Berbeda dengan karakter, keterampilan dimanifestasikan
dalam bentuk perbuatan. Seseorang dengan keterampilan yang baik cenderung mampu memperlihatkan sedikit kesalahan dalam mengerjakan tugas-tugas sedangkan orang yang kurang terampil membuat kesalahan yang lebih banyak bila diberikan sejumlah tugas yang sama (Facione et al., 2000).

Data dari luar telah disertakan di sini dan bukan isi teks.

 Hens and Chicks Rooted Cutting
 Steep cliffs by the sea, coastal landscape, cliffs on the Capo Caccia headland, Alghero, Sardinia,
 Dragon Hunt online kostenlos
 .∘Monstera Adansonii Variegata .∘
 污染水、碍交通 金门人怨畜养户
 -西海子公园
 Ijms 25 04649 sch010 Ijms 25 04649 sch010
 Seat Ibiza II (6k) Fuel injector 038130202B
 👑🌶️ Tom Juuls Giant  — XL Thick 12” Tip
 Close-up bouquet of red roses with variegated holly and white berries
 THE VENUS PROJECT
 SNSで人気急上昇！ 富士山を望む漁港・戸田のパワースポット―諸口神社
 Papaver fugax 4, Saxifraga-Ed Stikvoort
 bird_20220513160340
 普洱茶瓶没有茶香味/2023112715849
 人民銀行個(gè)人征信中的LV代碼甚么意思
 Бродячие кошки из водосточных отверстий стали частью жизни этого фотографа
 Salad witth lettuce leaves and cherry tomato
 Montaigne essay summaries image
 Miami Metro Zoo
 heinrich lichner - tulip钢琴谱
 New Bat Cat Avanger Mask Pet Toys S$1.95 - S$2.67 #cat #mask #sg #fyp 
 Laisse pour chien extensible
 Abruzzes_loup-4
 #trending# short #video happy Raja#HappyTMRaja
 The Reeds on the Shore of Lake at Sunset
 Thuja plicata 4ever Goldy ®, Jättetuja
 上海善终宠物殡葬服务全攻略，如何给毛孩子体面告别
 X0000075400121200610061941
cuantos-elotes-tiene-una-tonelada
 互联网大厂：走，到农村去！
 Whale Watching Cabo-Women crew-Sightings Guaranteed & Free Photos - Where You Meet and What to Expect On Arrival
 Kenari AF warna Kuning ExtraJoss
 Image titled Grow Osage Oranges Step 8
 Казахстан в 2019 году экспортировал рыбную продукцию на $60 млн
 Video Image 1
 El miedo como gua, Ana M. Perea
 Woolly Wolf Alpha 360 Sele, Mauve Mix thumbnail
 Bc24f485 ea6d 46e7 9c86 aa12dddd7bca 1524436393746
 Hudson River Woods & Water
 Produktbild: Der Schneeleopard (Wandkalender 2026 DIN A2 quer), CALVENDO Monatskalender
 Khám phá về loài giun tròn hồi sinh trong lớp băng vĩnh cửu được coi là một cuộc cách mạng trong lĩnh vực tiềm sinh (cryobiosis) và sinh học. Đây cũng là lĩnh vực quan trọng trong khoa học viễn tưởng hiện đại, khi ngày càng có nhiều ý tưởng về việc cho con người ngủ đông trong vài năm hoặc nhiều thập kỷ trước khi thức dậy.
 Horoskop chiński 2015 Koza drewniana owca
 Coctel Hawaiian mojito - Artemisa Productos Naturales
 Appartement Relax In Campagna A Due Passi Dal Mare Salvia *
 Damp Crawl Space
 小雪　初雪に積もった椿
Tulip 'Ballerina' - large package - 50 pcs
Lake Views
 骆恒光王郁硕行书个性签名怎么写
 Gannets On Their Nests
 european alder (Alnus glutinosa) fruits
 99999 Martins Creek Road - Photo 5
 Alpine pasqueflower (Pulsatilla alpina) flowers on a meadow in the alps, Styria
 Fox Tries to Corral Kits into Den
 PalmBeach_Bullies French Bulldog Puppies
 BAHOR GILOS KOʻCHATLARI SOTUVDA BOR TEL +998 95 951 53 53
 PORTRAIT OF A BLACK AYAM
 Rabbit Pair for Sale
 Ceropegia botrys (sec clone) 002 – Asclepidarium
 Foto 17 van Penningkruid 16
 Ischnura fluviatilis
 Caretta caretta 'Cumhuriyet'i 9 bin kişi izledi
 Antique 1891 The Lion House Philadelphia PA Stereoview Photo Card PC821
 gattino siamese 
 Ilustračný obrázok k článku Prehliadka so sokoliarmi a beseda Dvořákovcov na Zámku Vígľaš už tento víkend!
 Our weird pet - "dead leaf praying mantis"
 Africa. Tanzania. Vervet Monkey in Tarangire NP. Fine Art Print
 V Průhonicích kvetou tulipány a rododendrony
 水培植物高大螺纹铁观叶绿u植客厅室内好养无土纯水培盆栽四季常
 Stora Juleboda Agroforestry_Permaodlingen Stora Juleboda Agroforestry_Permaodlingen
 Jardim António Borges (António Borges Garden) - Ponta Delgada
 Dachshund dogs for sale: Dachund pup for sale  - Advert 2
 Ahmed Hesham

Ennis (dalam Stiggin, 1989:1994) mengungkapkan satu set
tahap-tahap yang termasuk proses berpikir kritis: 1. Mengklarifikasi isu dengan mengajukan pertanyaan kriti 2. Mengumpulkan informasi tentang isu 3. Mulai bernalar melalui berbagai sisi atau sudut pandang yang berbeda-beda 4. Mengumpulkan informasi dan melakukan analisis lebih lanjut, jika diperlukan 5. Membuat dan mengkomunikasikan keputusan
Tujuan dari berpikir kritis adalah mengevaluasi tindakan atau
keyakinan yang terbaik. Menurut Ennis lebih memfokuskan kerangkanya pada proses berpikir yang melibatkan pengumpulan informasi dan penerapan kriteria untuk mempertimbangkan serangkaian tindakan atau pandangan yang berbeda. Ini bersesuaian dengan tingkat berpikir evaluasi pada taksonomi Bloom. Jiwa kritis menurut Ennis meliputi: kebutuhan untuk berpikir logis, berusaha keras untuk memiliki pengetahuan luas dari sumber-sumber yang kredibel, berwawasan atau berpandangan luas, dan memperoleh kesenangan pribadi dalam hubungannya dengan cara pemecahan masalah-masalah yang komplek.
Asesmen kinerja sangat baik digunakan untuk menilai penalaran.
Kita dapat menggunakan suatu isu kepada siswa baik individu maupun kelompok dan kemudian menilai keterampilan berpikir
Sebagaimana pandangan Norris dan Ennis, kerangka kerja konseptual
yang ditawarkan oleh Marzano (1992) mencakup komponen kognitif dan afektif. Dimensi afektif menyatakan bahwa siswa harus mengembangkan dan mempertahankan sikap dan persepsi positif mengenai pembelajaran dan pemahaman tanggung jawab personal untuk berpikir yang bijak. Bila dimensi afektif ini tidak dimiliki, maka sepertinya keterampilan yang mereka miliki jadi sia-sia. Keunggulan kerangka kerja ini adalah bahwa setiap jenis berpikir yang dispesifikasikan diterjemahkan secara natural kedalam pertanyaan yang tampaknya dapat diterapkan pada semua area materi. Lebih jauh, setiap pertanyaan tampaknya unik dan relevan dengan dunia nyata.